(Captioned web images)

+ + + +

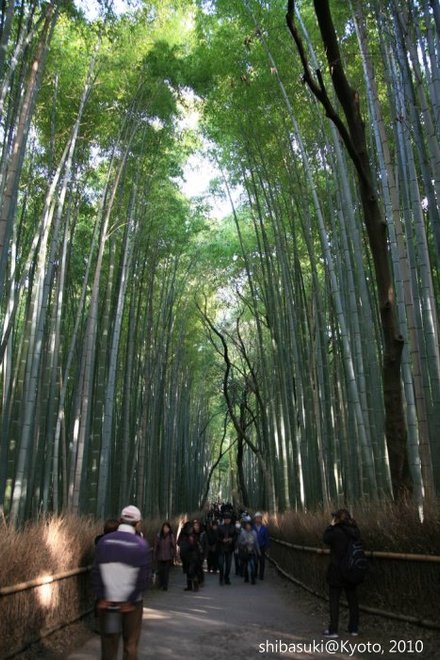 20101118_Kyoto-67_嵯峨野竹林_1.JPG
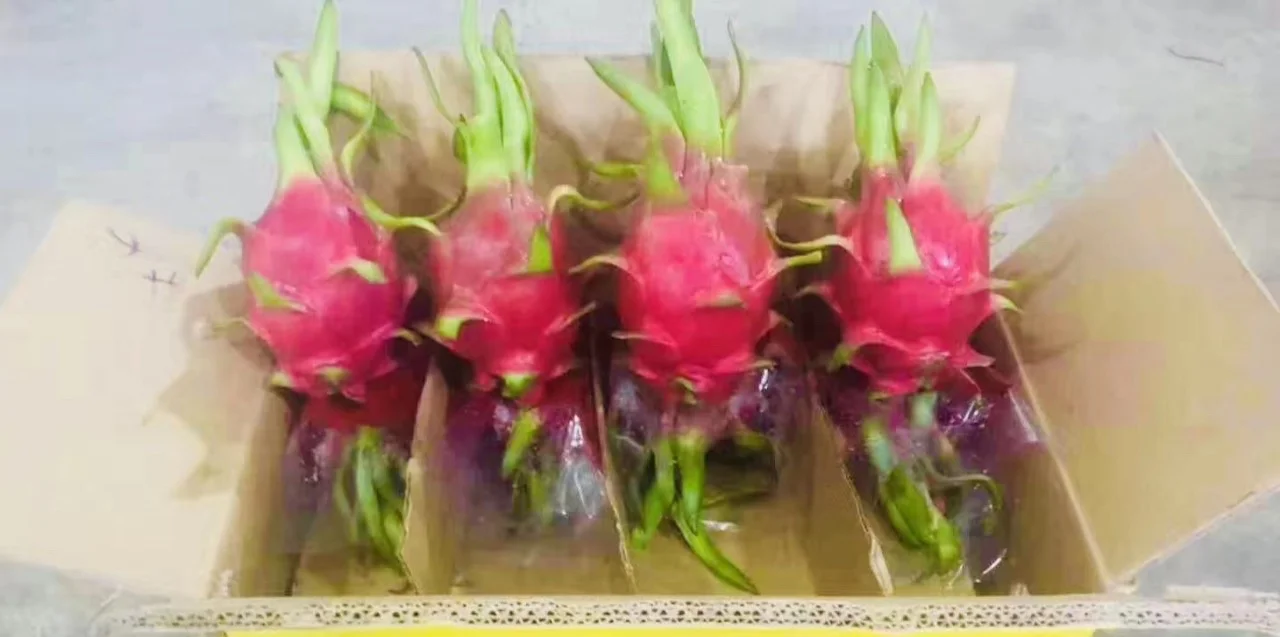 Sweet Taste Fresh Dragon Fruit From Vietnam With Standard Quality And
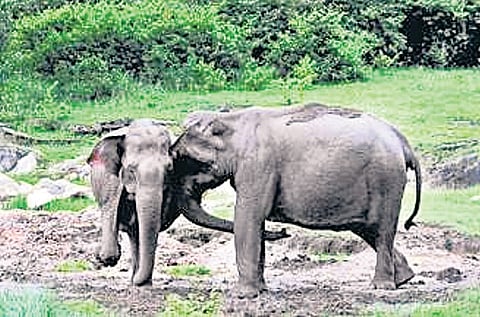 The census is being conducted in three phases.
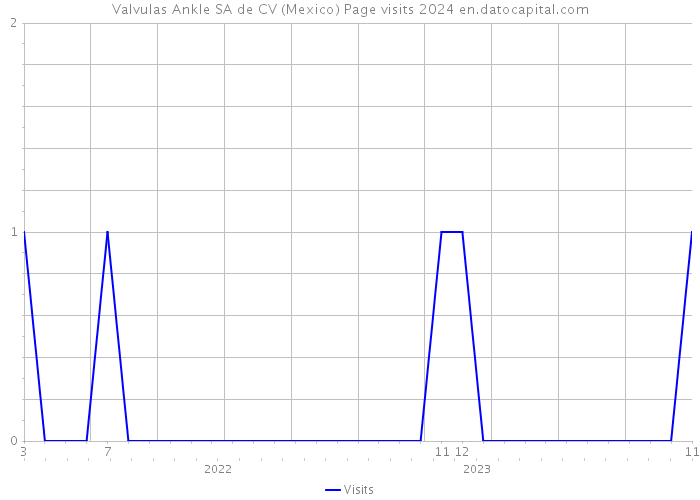 Valvulas Ankle SA de CV (Mexico) Page visits 2024 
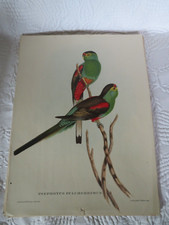 John Gould impression oiseau Psephotus Pulcherrimus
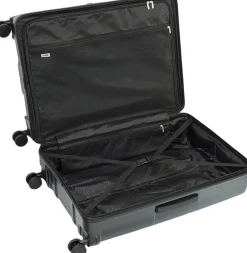 Crate EX Wildlife-EPIC New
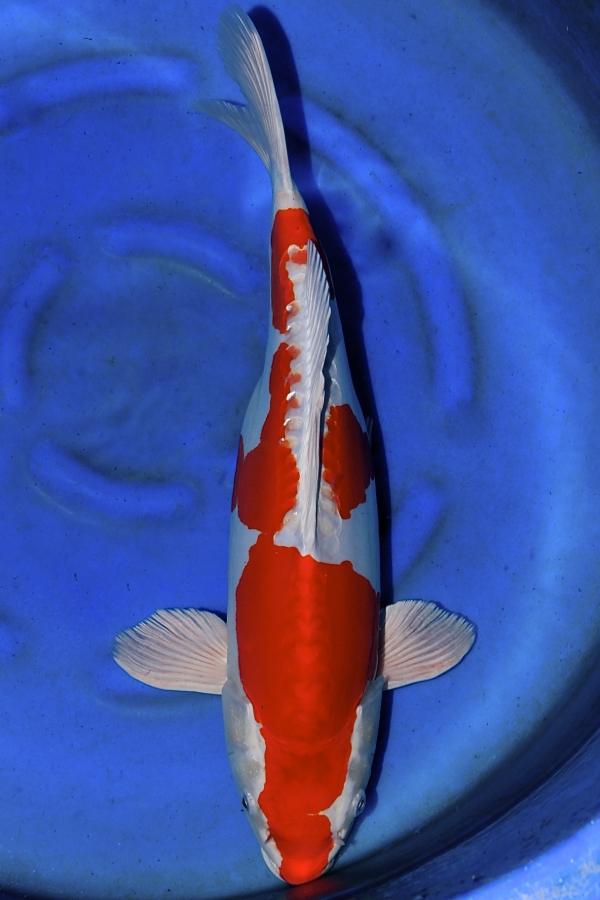 Kikusui Koi Number Two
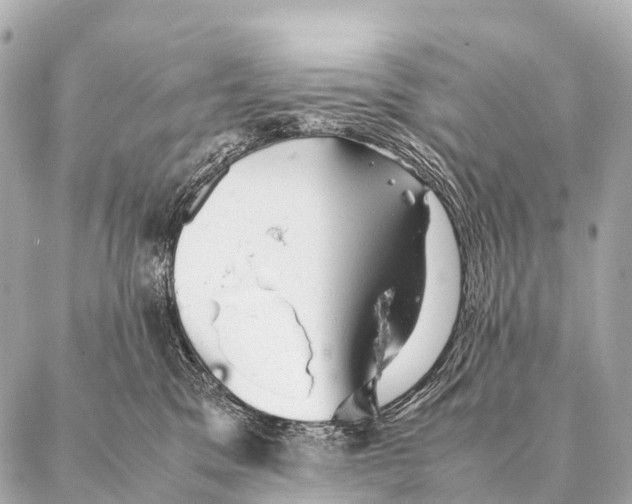 X0000087020329200705141903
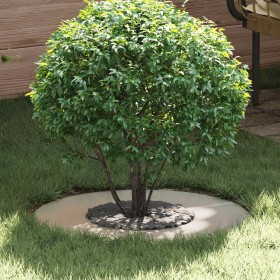 adecuado para Anillos de Árbol Plano 5 pcs Plateado Ø30 / 60 cm en Maceteros y jardineras | Comprar online en Foro24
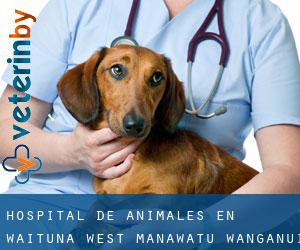 Hospital de animales en Waituna West (Manawatu-Wanganui)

+ + + +

Leaving out every picture, transcribe exactly the lines from the line that contains "Crate EX Wildlife-EPIC New" through the final line of the entries above.

Answer area
 Crate EX Wildlife-EPIC New
 Kikusui Koi Number Two
 X0000087020329200705141903
 adecuado para Anillos de Árbol Plano 5 pcs Plateado Ø30 / 60 cm en Maceteros y jardineras | Comprar online en Foro24
 Hospital de animales en Waituna West (Manawatu-Wanganui)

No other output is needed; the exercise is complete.